A l’égal d’une Catherine DENEUVE ou d’une Jeanne MOREAU, vous
comptez au nombre de ces rares comédiennes qui symbolisent un
pays dans toute sa diversité, à laquelle elles découvrent et révèlent une
subtile unité : vous êtes, en quelque sorte et d’une façon évidemment moins
hiératique, comme une « Marianne » allemande du cinéma, une effigie
sensible des émotions et des interrogations de chacun, à la fois une « Mère
Courage » et une « Mère Question », si je puis dire. Si les comédiennes
sont un peu nos déesses d’aujourd’hui, vous êtes, pour ainsi dire, une
allégorie de l’Allemagne, vivante et émouvante.

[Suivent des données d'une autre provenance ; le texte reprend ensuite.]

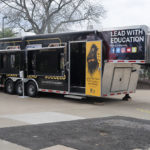 In addition to the VR experience inside, the vehicle shares officers' stories outside through interactive touch-screen technology.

Si vous incarnez ainsi le visage de cette nouvelle Allemagne, c’est peut-être
parce que vous savez traduire par le jeu muet de vos expressions, les
moindres inflexions des sentiments et des pensées, vous avez le talent de
les donner à lire jusque dans les plus subtils mouvements de vos traits, de
vos yeux, avec cet air de réserve qui est souvent comme la litote du
comédien. Votre visage ramène le spectateur au sens fort et premier du
spectacle, c’est-à-dire à une observation, une contemplation, un désir de
déchiffrer le plus fugace de ces signes, comme peut le faire un enfant
devant le visage de sa mère.
C’est alors, à partir du moment où vous avez su donner un visage à cette
nouvelle Allemagne, que vous avez pu explorer toutes les voies du cinéma
européen et mondial : GODARD, WAJDA, K. BRANAGH, Ettore SCOLA,
mais aussi Amos GITAI ou Béla TARR, dans autant de films mémorables.
Et avec Fatih AKIN, c’est une toute nouvelle Allemagne que vous nous
donnez à aimer.
Chère Hanna SCHYGULLA, au nom de la République française, nous vous
remettons les insignes de commandeur dans l’ordre des Arts et des Lettres.